→ **Input**
______

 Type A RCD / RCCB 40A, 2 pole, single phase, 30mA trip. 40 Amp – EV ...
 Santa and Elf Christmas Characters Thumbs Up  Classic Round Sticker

______

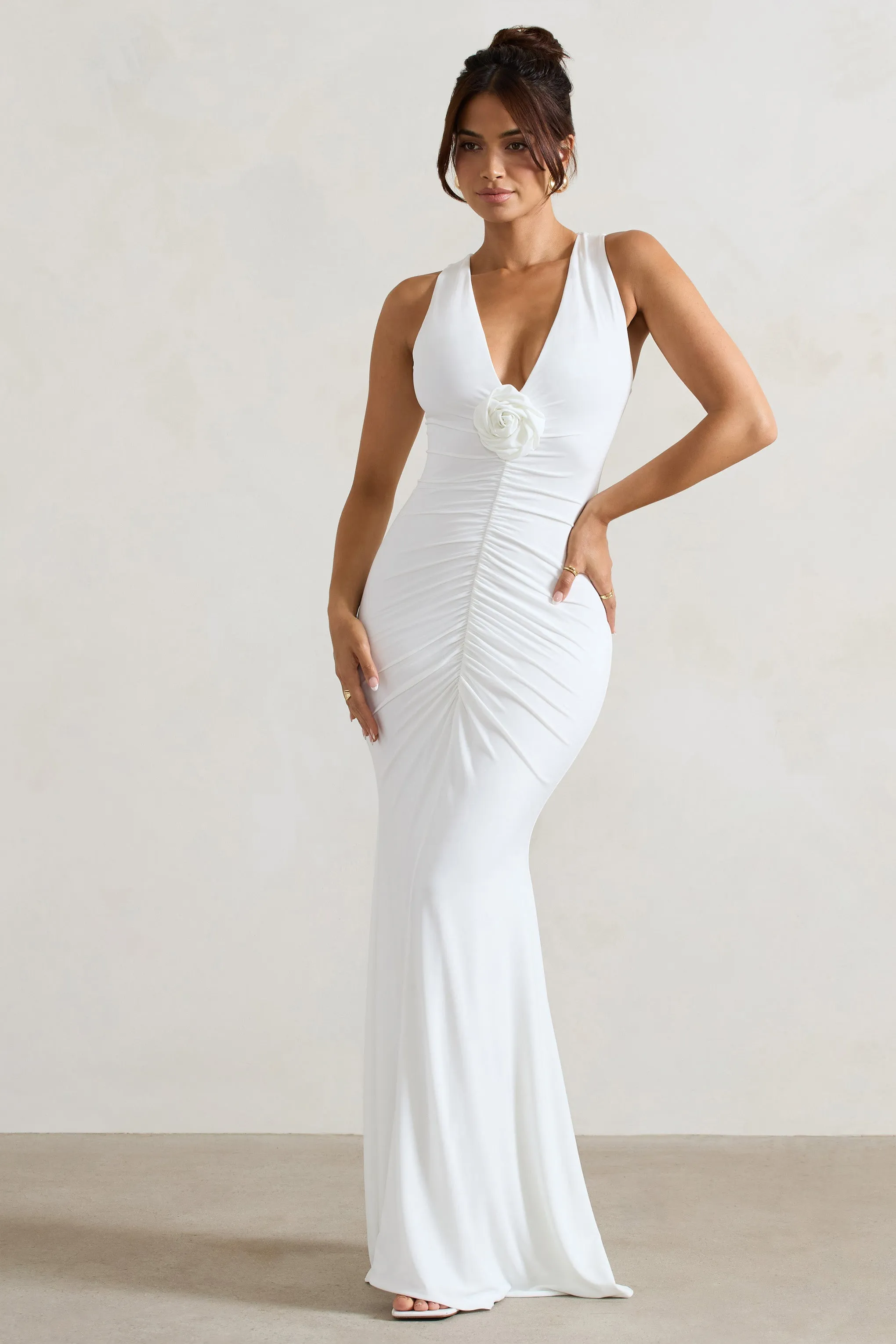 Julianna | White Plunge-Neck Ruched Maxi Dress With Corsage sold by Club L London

______

Using the data above, print exactly the lines from the line that contains "Type A RCD /" through the line that contains "Santa and Elf", with both included.

→ **Result of this task**
 Type A RCD / RCCB 40A, 2 pole, single phase, 30mA trip. 40 Amp – EV ...
 Santa and Elf Christmas Characters Thumbs Up  Classic Round Sticker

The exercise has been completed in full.